Exception on client:

2020-03-08 21:26:06,144 [kafka-producer-network-thread | producer-1] WARN org.apache.kafka.clients.NetworkClient [] - [Producer clientId=producer-1] Error connecting to node ubuntu-confluent:9092 (id: 0 rack: null)
java.net.UnknownHostException: ubuntu-confluent: nodename nor servname provided, or not known
at java.net.Inet6AddressImpl.lookupAllHostAddr(Native Method) ~[?:1.8.0_151]
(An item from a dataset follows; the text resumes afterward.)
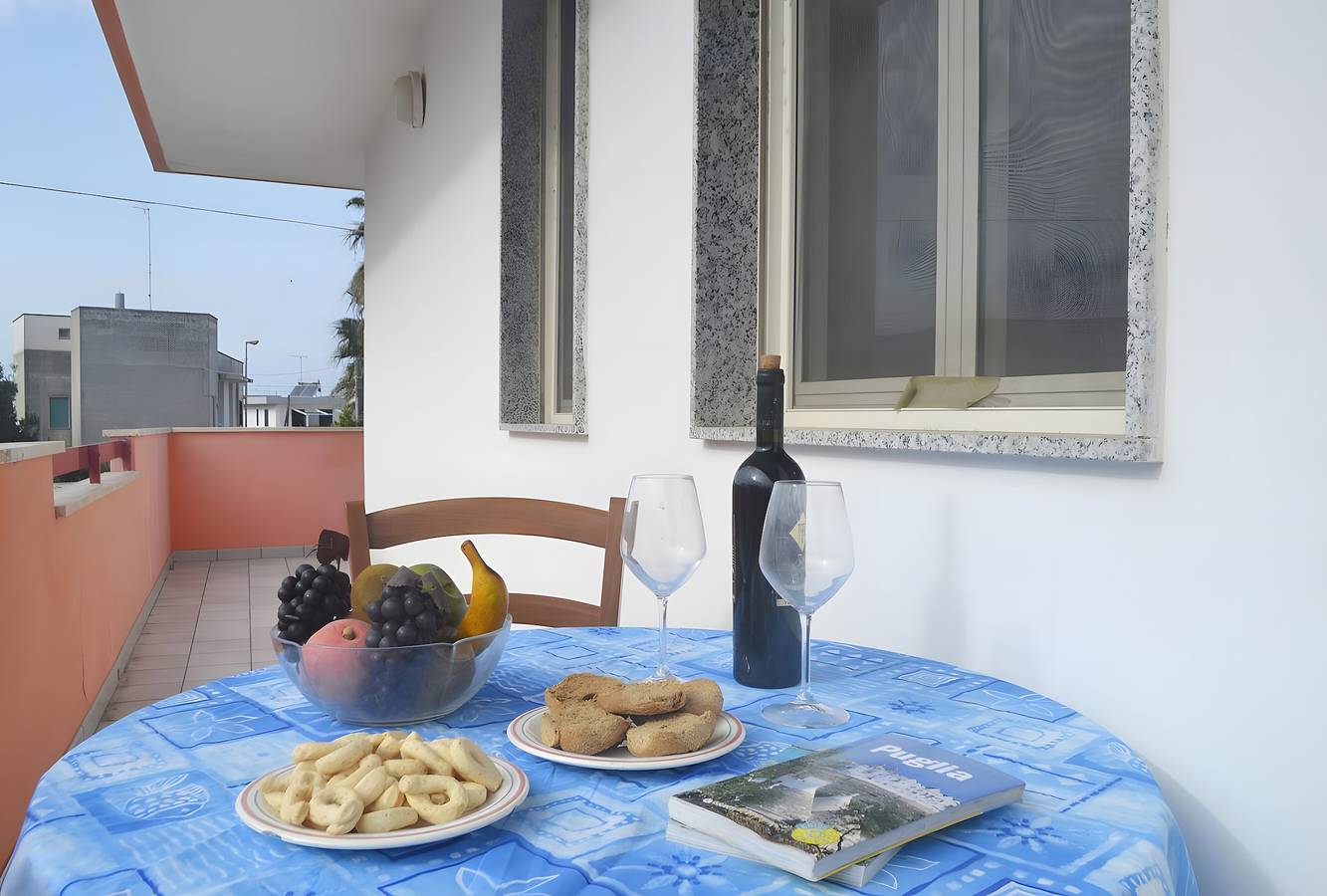 Ferienhaus Sakura San Foca mit Balkon in San Foca, Melendugno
at java.net.InetAddress$2.lookupAllHostAddr(InetAddress.java:928) ~[?:1.8.0_151]
at java.net.InetAddress.getAddressesFromNameService(InetAddress.java:1323) ~[?:1.8.0_151]
at java.net.InetAddress.getAllByName0(InetAddress.java:1276) ~[?:1.8.0_151]
at java.net.InetAddress.getAllByName(InetAddress.java:1192) ~[?:1.8.0_151]
at java.net.InetAddress.getAllByName(InetAddress.java:1126) ~[?:1.8.0_151]
at org.apache.kafka.clients.ClientUtils.resolve(ClientUtils.java:104) ~[kafka-clients-2.4.0.jar:?]

Easiest fix is to just add an entry to /etc/hosts.